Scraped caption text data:
::::
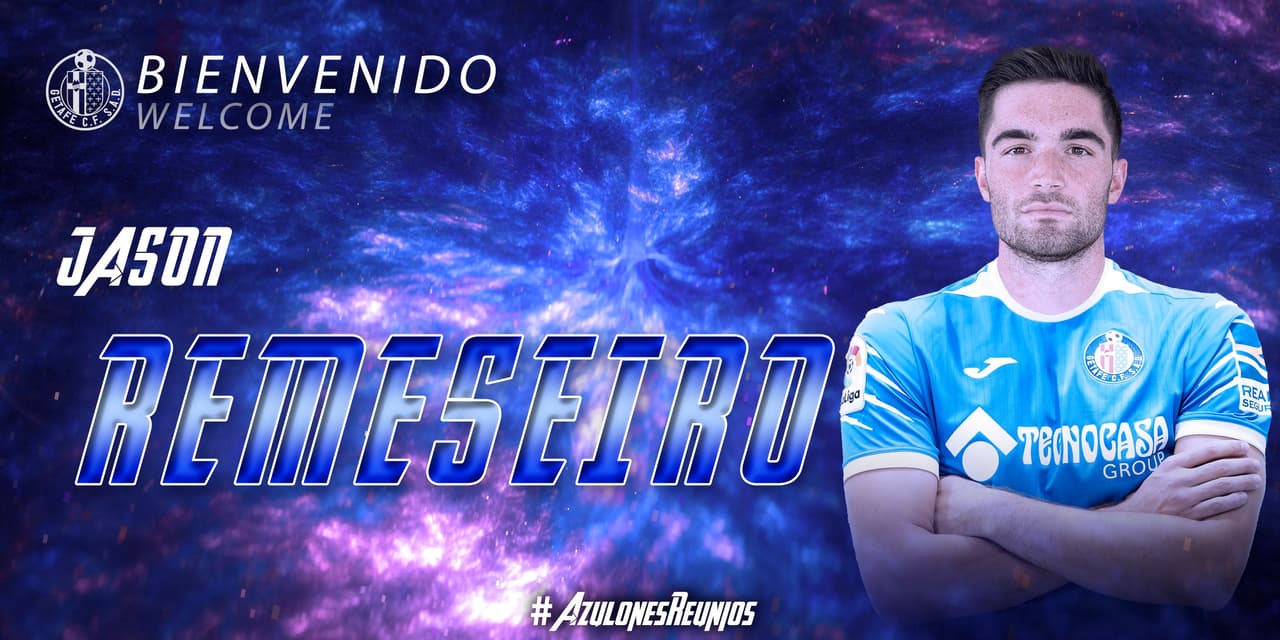 Jason Remeseiro es el nuevo jugador del Getafe.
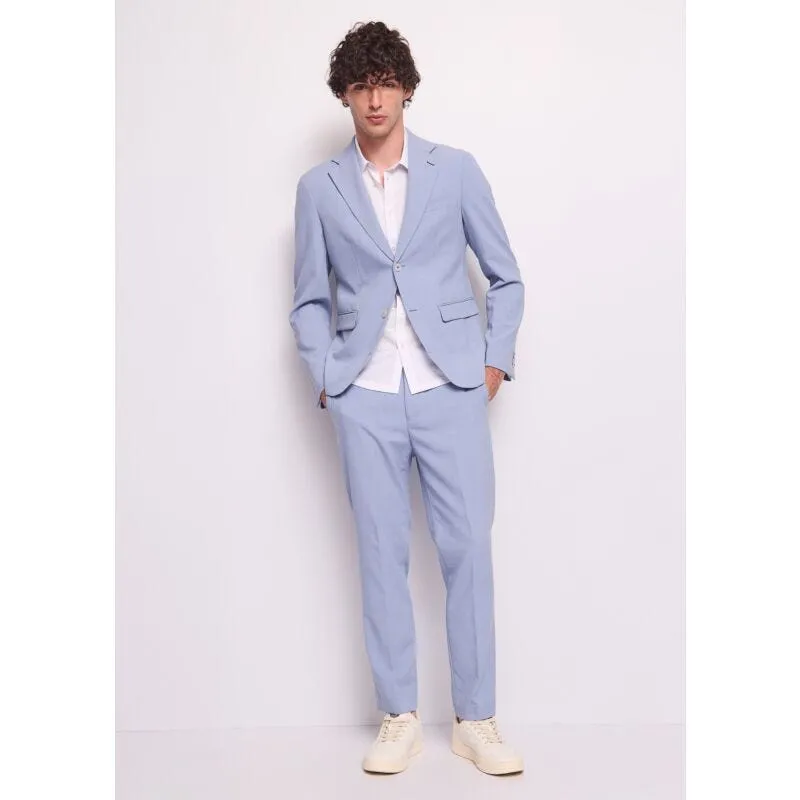 Completo da uomo azzurro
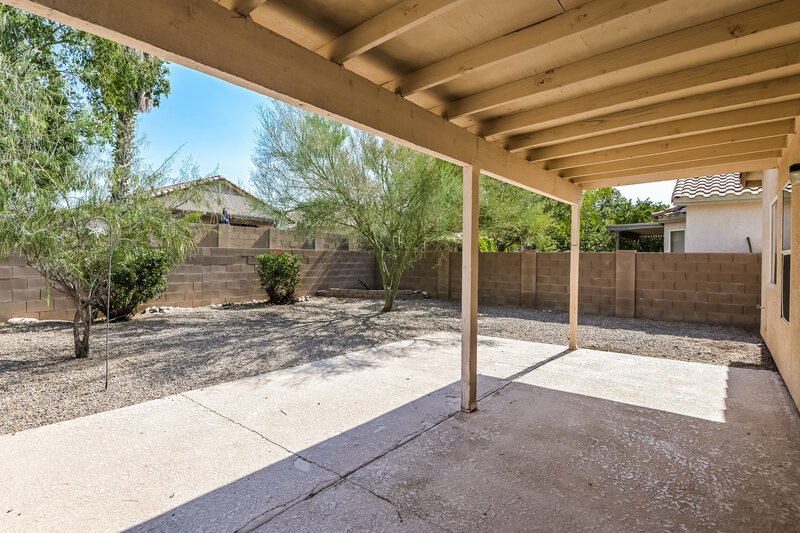 1,865/Mo, 7431 W Dream Maker Pl Tucson, AZ 85743 Patio View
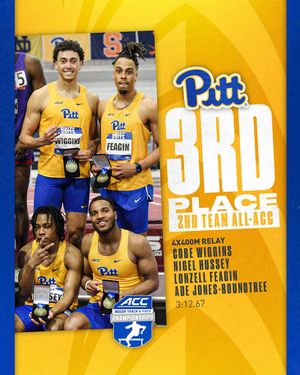 Image post by @pitt_tf_xc on Instagram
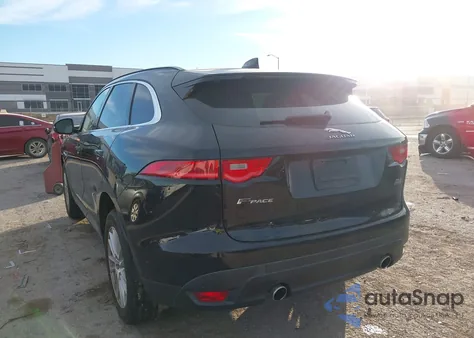 2017 Jaguar F-Pace 35T Prestige из США, поврежденный, VIN SADCK2BV9HA895543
::::
● Prompt: One exact copy of the data, no pictures: write it out line for line.

● Reply:
 Jason Remeseiro es el nuevo jugador del Getafe.
 Completo da uomo azzurro
 1,865/Mo, 7431 W Dream Maker Pl Tucson, AZ 85743 Patio View
 Image post by @pitt_tf_xc on Instagram
 2017 Jaguar F-Pace 35T Prestige из США, поврежденный, VIN SADCK2BV9HA895543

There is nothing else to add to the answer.